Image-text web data
---+---

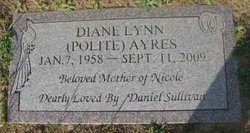 Diane Lynn <I>Polite</I> Ayres 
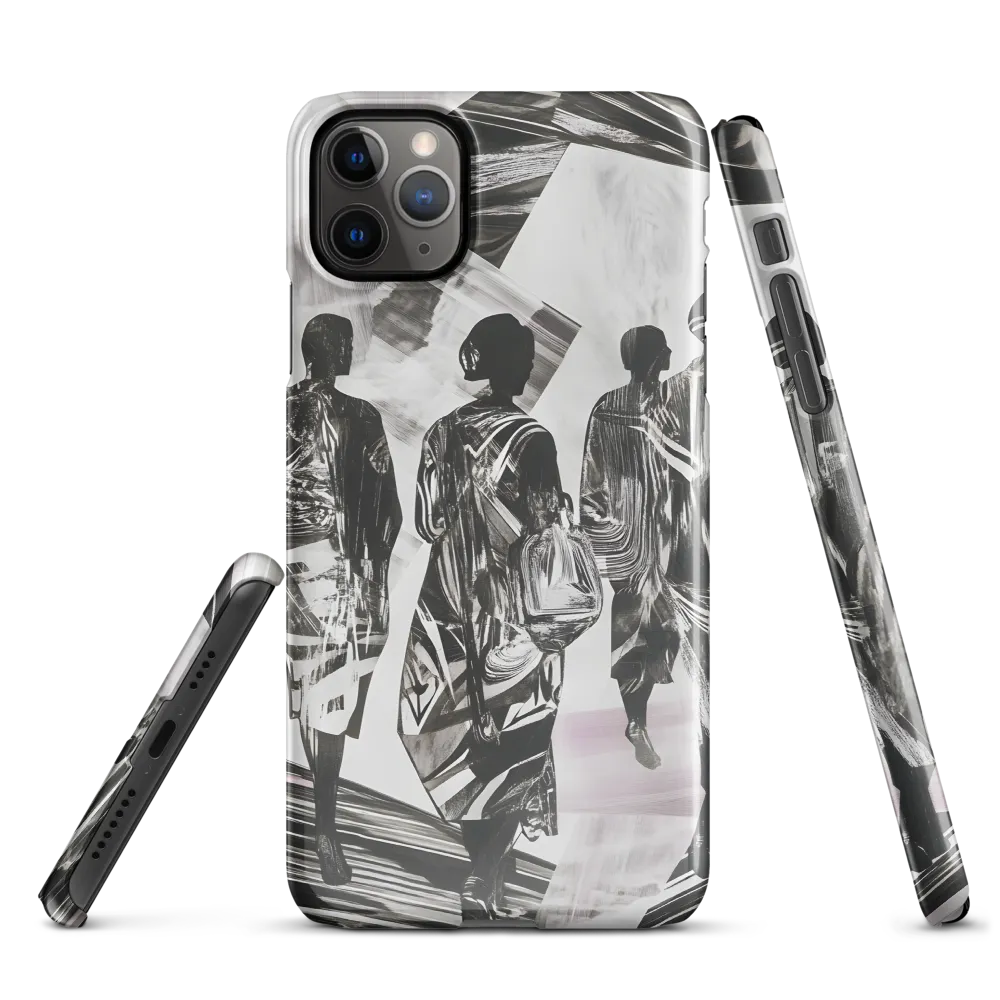 Echoes of Elegance | Phone Case |  11 Pro Max | Snap Case | Glossy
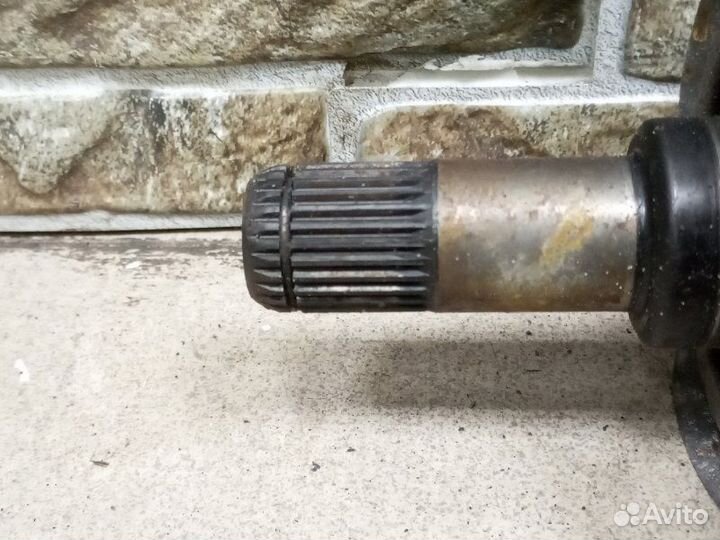 Привод задний правый Bmw X5 F15 2.5 2017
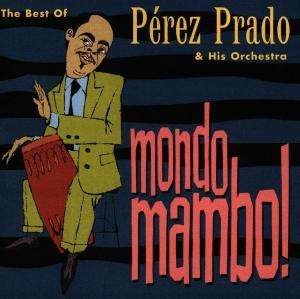 Cover for Perez Prado · Perez Prado-Best Of (CD)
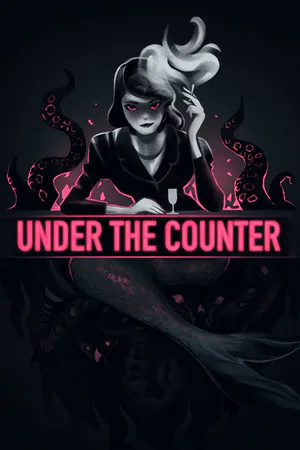 Copertina di Under the Counter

---+---

» Task requirements: Copy only this, please: the line with "Cover for Perez" and every line after it through the end of the data, with no pictures.

» Completed exercise:
 Cover for Perez Prado · Perez Prado-Best Of (CD)
 Copertina di Under the Counter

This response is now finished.